— Recorded data —
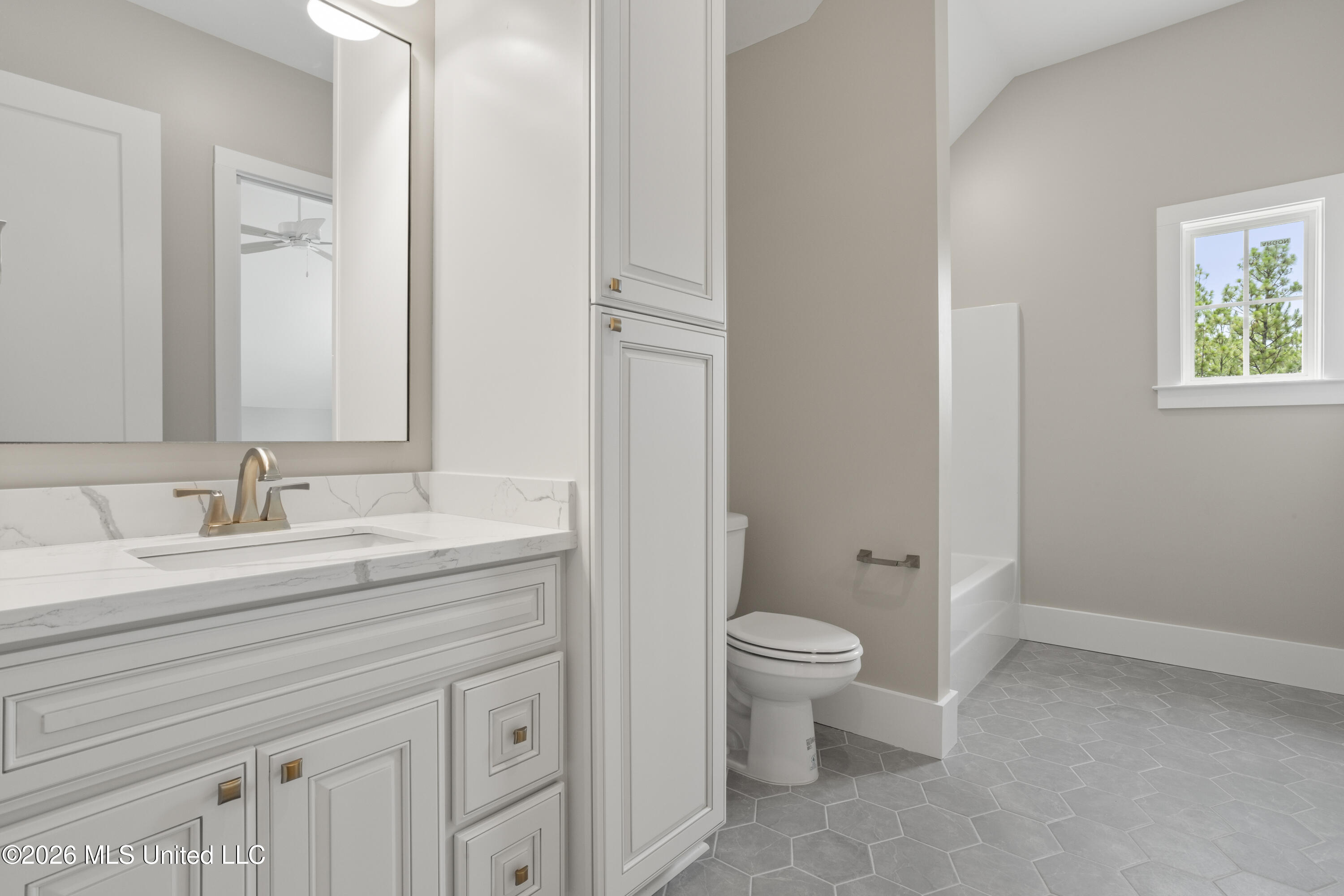 12478 Star Lane Property Photo 33
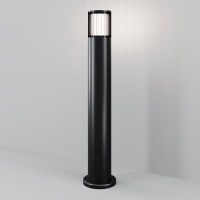Ландшафтный светильник Outdoor O492FL-01GF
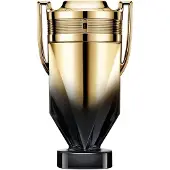 Rabanne Invictus Elixir Parfum Elixir Parfym 200 ml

— Work to be completed —
Would you repeat the complete listing exactly, excluding each picture it holds?

— Finished task —
 12478 Star Lane Property Photo 33
Ландшафтный светильник Outdoor O492FL-01GF
 Rabanne Invictus Elixir Parfum Elixir Parfym 200 ml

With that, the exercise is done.